Braddock's American Brasserie selects new cocktail – with public's help | Drink | Pittsburgh | Pittsburgh City Paper

Braddock's American Brasserie selects new cocktail – with public's help

A local blogger wins honors, and a spot on the drink list


Sometimes, as Al Gore can attest, it's not enough to convince the voters: You have to win over the judges as well. So it was with a whiskey-cocktail competition held by Downtown restaurant Braddock's American Brasserie.

Seeking a fresh new cocktail for its summer menu, Braddock's let its fans weigh in. "We live and breathe [whiskey] every day. So when you open it up to others, sometimes you get the best things," says Braddock's general manager, Jennifer Thomas. 

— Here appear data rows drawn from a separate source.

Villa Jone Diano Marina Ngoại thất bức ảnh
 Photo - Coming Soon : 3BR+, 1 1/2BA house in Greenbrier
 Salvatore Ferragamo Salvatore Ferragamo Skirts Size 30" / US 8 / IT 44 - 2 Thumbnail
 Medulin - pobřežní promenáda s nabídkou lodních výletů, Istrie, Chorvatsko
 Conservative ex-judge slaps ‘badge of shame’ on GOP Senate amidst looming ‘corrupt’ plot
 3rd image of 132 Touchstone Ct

Contest participants (invited local bloggers and Braddock's Facebook "fans") uploaded a photo and cocktail recipe to the restaurant's Facebook page. Of the 11 entrants, the two with the greatest number of "likes" advanced to the judges' table, where they were joined by a "judges' choice," picked by the restaurant brass.

Dean Gress, the restaurant's executive chef, served as one of the judges. He said his vote came down to "taste, how it fits in with our brand, and how it'll appeal to our guests." Thomas, who was also on the judging panel, said she was looking for a "fun summer cocktail that featured whiskey."

The top vote-getter, "Stout Hearted and Full of Sass," earned a $100 gift card for winning the popular vote — but the cocktail didn't quite measure up to the judges' standards. The public's second-place pick, the "YaJagoff," got high marks from judges, but they deemed it to have a more wintry flavor. While it may appear on the Braddock's drink list once the weather turns cold, the judges awarded first place, and a spot on the menu, to their own selection: blogger Ashley Oates's "P.G.H." (Peach Ginger Hit). It's a refreshing cocktail that combines Wigle Wheat whiskey, muddled peaches, mint, ginger simple syrup and tonic water. 

Oates is a recent Pittsburgh transplant with no previous cocktail-making experience. Yet she says she sought to "create something snappy and fresh" that represented Pittsburgh in the summertime. 

Ultimately, of course, the P.G.H.'s fate will be decided by the customers ... and how they vote with their wallets.

Editor's note: The name of executive chef Dean Gress was misspelled in an earlier version of this story.